My Paris Zoo
In Paris, I need not go to an actual zoo, where exotic wild animals are kept behind bars--or in more beautiful landscapes where they can roam a little more on the wild side. How do I feel about zoos? I would have to give this more thought, but I believe it's an amazing gift for children and adults alike to see the menagerie of animals that populate the earth. Pictures are one thing, but to see magnificent creatures swinging, running, swimming, jumping, or grazing in a replication of their natural habitat is quite another. Nature is more fully unfolded to us.

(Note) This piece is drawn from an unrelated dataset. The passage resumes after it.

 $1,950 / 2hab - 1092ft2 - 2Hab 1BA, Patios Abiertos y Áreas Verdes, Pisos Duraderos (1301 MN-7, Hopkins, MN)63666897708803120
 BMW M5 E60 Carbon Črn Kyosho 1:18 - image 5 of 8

We can get a better idea of its perfection and magnitude--even if a zoo can't carry the experiential weight of actually being where the beasts live and die on the landscape, the place where they can truly be themselves and be free.
I took a short but fantastic safari in Kenya a few years ago, and I fell in love with the country as well as its continent. Lions, giraffes, hippos, water buffalo, elephants...which ones did I love more? My breath was taken away seeing them in the savanna where they should be. I would seriously like to spend a chunk of time in Africa and write the stories that I find there.
But in Paris, all I have to do to see the rhinoceros is walk down into the Metro.
(Photo by Beth Arnold)
(One still has time to take a trip to Arles to see this photography.)
Or I can look into the windows of travel agencies in Paris to find gigantic red monkeys.
(Photo by Beth Arnold)
For some reason, many travel agencies here like to use stuffed animals to demonstrate scenes of destinations one might choose--or in this case show how a monkey (which might be you) could snooze at the beach.
And I must pay attention to the wild animals in Paris's graffiti.
(Photo by Beth Arnold)
I can look a white tiger in the eye at point blank range.
And it is true that I once rode a camel in Marrakesh after imbibing a few cocktails.
(Photo by Beth Arnold)
A group of friends and I hopped on our camels and rode them to a picnic. So delightful! But where could this fellow take me? To the Bois de Boulogne?
(Photo by Beth Arnold)
One can also find a sweet doe beside a hybrid combination of stag and man on a certain Paris route.
What wild beasts in Paris could we think of next? I'd like a woman-zebra to gallop by me--or possibly be me. And what about you? What would you like to be?